CIAC’s members have also taken independent action to reduce their emissions of greenhouse gases and air pollutants. Since 1992, they have reduced the global-warming potential of their operations by 60 per cent, and their emissions of smog-producing nitrogen oxides, volatile organic compounds, and sulphur dioxide by 63, 75 and 83 per cent, respectively.
Canada’s chemistry industry relies on a variety of raw materials or “feedstocks” for chemical production – everything from natural gas, to oil, electricity, minerals and biomass.
Natural gas liquids (NGLs), a small but important component of natural gas, contain the key building-blocks needed for petrochemical production: ethane, propane and butane. Canada’s petrochemical sector transforms these building-block chemicals into value-added products such as ethylene, polyethylene, and ethylene glycol, and uses methane – the main component of natural gas – to manufacture methanol and other chemicals.
Canada’s chemistry industry is facing a shortage of domestic NGLs, in part, because of the massive growth of shale gas development in the U.S., and the subsequent drop in Canadian gas production and exports.
To counteract the declining exports to the U.S., CIAC believes that Canada must develop new export markets for its natural gas, while implementing policies to extract further value from its NGL resources. Alberta’s Incremental Ethane Extraction Program is an example of a successful value-added policy that has improved the chemistry industry’s access to competitively priced feedstock.
CIAC will continue to advocate for access to, and transparency about, the NGLs contained in Canadian natural gas destined for export markets. Canada’s chemistry industry has the potential to expand and create new jobs and wealth for Canadians, provided that it can access the competitively priced raw materials critical to its growth.
Canada’s chemistry industry is very dependent on our country’s railway system – with over two-thirds of its annual shipments moved by rail.

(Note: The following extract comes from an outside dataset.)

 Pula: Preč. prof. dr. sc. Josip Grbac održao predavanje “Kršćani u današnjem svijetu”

The safety and security of communities along transportation routes is of paramount importance to the Chemistry Industry Association of Canada and its members. Because of that, CIAC will continue to be a strong voice for policies and initiatives that support the safe transportation of chemical goods by rail.

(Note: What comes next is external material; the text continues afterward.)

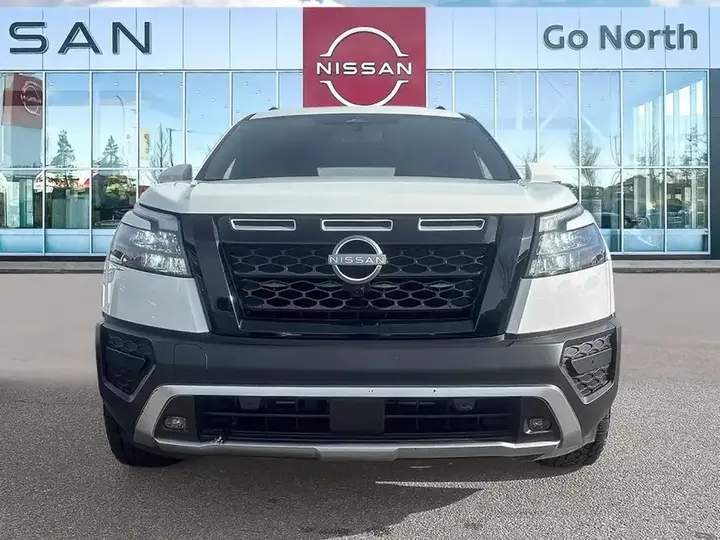 Nissan Pathfinder 2025 photo 2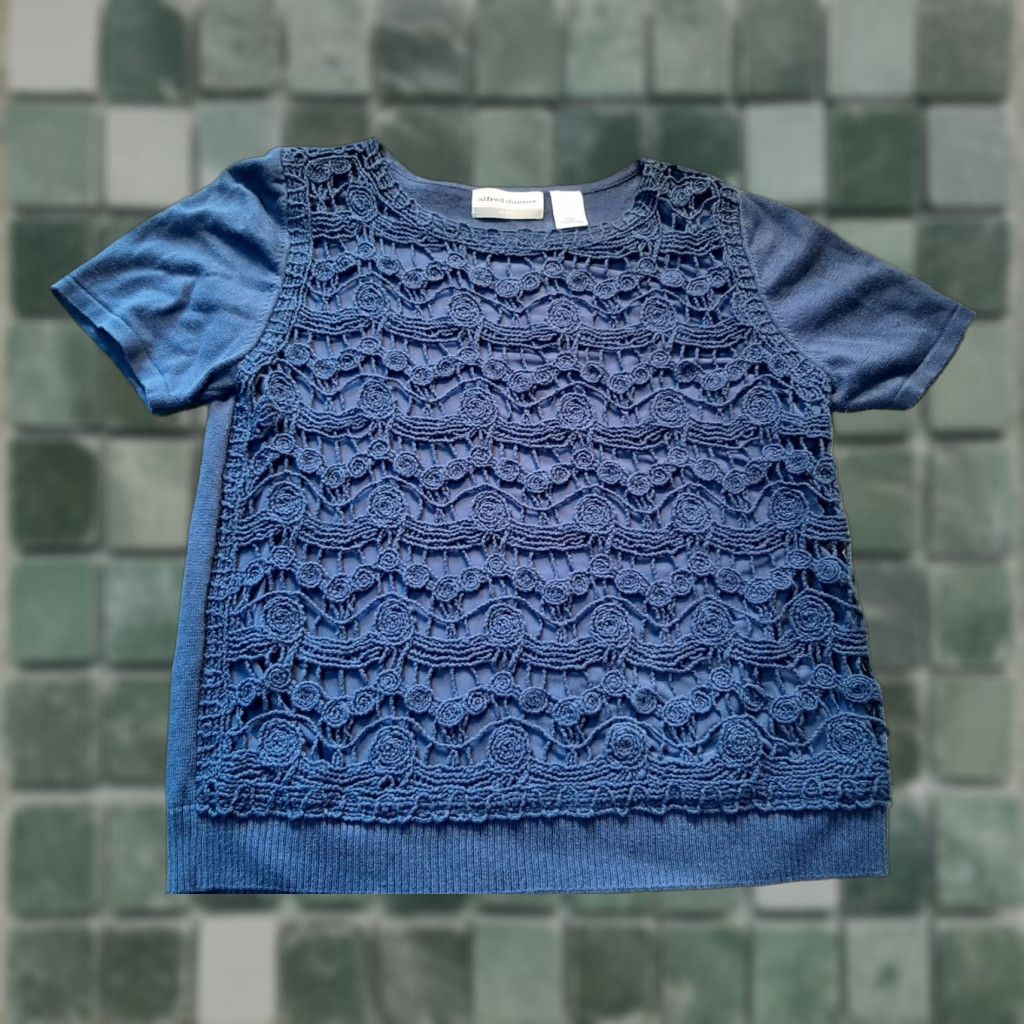 Vintage Alfred Dunner top Womens Petite Large P L Blue Short Sleeve knit Shirt Size L / US 10 / IT 46 - 1 Thumbnail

In addition, CIAC will continue to advocate for improved rail performance, as legislated under Canada’s new Fair Rail Freight Service Act . The level of service offered by Canada’s railways can make the difference between companies investing in our country, or taking their business elsewhere, making better customer-railway partnerships essential for job creation, trade expansion and economic growth.
Canada’s chemistry sector is poised for growth, but faces strong competition for global investment.
Although chemistry is Canada’s fourth-largest manufacturing sector, our country produces only one per cent of the world’s annual $5 trillion worth of chemical products. Canada is a less-than-obvious choice for international investors, who tend to think of the U.S., China or Europe when considering new chemistry-related investments.
However, Canada’s global competitiveness has improved dramatically in recent years. The Accelerated Capital Cost Allowance has helped the chemistry industry to secure more than $3 billion in new incremental investments, since it was first introduced in the 2008 federal budget. The federal and provincial governments have also worked hard to bring Canada’s corporate tax rate down to about 25 per cent (from the 38 percent of a decade ago), allowing us to compete more effectively with other jurisdictions.
CIAC will continue to advocate for policies that will improve Canada’s competitiveness, and support its members in making a strong case for bringing new investment here.